Doch dabei handelt es sich um eine Beruhigungspille. Kommt es tatsächlich zu einem Wirtschaftskrieg zwischen Russland und der EU, wären die Folgen größer als die 775 Millionen Euro. Denn das Wifo hat nicht die Folgen der Russland-Krise auf Österreichs Banken berechnet. Auch in der detaillierten Studie, die Mitte Oktober veröffentlicht werden soll, werden die Banken laut „Presse“-Informationen nicht vorkommen. Das hat die Regierung so vorgegeben.

Russland-Exposure: 36 Mrd. €

Das Ausklammern der Banken überrascht. Im Juli warnte der Internationale Währungsfonds (IWF), dass Österreichs Banken gemessen an ihrer Größe besonders stark in Russland engagiert seien. Im Zuge der Krise könnte sich die Qualität der russischen und ukrainischen Kredite verschlechtern. Daher seien die kreditgebenden Institute mit erhöhten Ausfallsrisken konfrontiert. Laut Auskunft der Nationalbank liegt das Russland-Exposure aller in Österreich ansässigen Banken (inklusive Bank Austria) bei 36,2 Milliarden Euro.

Neben der Bank Austria ist vor allem Raiffeisen betroffen. Die Finanzmarktaufsicht und die Nationalbank beobachten die Lage. „Ukraine, Russland – das ist ein ernstes Problem. Wir sind hier sehr aufmerksam“, sagte jüngst Helmut Ettl, Vorstand der Finanzmarktaufsicht (FMA). Denn führende österreichische Banken erwirtschaften in Russland einen großen Teil ihrer Erträge.

Doch die Regierung und die Banken beruhigen. Beim Sozialpartnergipfel am Mittwoch wurde das Bankenthema nur kurz angesprochen. Man habe für den Fall einer Russland-Eskalation sehr wohl einen Plan, der auch die Banken beinhalte, doch man wolle dazu keine Details nennen, um nicht zusätzlich für Unruhe zu sorgen, heißt es.

Laut Raiffeisen und Bank Austria halten sich die Auswirkungen der Sanktionen derzeit in Grenzen.

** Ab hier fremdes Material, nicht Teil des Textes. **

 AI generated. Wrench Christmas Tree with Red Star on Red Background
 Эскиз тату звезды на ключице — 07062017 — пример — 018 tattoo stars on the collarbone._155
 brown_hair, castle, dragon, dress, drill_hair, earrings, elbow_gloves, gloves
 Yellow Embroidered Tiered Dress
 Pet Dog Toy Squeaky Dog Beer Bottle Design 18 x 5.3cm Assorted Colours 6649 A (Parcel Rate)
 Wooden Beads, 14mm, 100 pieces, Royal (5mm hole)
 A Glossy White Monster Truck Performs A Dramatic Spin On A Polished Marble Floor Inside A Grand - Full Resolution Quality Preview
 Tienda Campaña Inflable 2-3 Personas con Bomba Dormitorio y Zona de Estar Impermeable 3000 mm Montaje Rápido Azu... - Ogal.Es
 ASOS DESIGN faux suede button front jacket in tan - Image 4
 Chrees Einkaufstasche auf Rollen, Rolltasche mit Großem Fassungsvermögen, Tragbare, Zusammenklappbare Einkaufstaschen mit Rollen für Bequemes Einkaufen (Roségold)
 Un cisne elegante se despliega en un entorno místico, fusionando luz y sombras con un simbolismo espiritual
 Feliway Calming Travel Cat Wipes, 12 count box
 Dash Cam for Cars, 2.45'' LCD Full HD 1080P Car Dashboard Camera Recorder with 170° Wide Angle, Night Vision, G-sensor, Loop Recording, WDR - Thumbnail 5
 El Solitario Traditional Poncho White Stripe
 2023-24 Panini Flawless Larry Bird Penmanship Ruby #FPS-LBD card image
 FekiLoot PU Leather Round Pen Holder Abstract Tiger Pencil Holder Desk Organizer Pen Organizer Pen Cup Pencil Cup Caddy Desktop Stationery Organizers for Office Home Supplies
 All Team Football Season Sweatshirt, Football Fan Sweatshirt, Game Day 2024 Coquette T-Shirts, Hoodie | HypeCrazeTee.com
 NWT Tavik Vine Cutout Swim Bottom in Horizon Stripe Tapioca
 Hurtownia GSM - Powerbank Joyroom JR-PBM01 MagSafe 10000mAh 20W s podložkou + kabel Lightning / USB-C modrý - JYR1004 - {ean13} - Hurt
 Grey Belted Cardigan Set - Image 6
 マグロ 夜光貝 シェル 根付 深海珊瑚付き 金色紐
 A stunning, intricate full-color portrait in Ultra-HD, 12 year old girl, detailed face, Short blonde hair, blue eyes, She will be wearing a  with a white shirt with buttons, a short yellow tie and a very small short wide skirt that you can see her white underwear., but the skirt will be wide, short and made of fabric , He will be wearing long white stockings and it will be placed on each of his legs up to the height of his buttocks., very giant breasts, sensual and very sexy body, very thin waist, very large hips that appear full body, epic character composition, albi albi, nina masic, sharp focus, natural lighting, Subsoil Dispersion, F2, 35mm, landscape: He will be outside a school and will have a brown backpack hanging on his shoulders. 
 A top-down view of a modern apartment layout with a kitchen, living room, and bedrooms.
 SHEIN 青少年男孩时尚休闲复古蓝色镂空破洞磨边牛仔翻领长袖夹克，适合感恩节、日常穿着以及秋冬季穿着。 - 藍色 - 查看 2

Am meisten fürchten sich die Chefs österreichischer Banken vor russischen Vergeltungsmaßnahmen. Aktuell gibt es in Russland keine Einschränkungen für westeuropäische Banken. Sollte aber der russische Präsident Wladimir Putin von der EU noch mehr gereizt werden, könnte er den westeuropäischen Banken in Russland das Leben schwer machen. Zurück zum gestrigen Sozialpartnergipfel: Dort wurden „altbewährte Instrumente“ wie Kurzarbeit, Arbeitsstiftungen und die Erschließung neuer Märkte als Reaktion auf die Russland-Krise präsentiert. Bei Kurzarbeit und Arbeitsstiftungen ist keine Aufstockung des Budgets geplant, weil der bisherige Rahmen noch nicht ausgeschöpft ist.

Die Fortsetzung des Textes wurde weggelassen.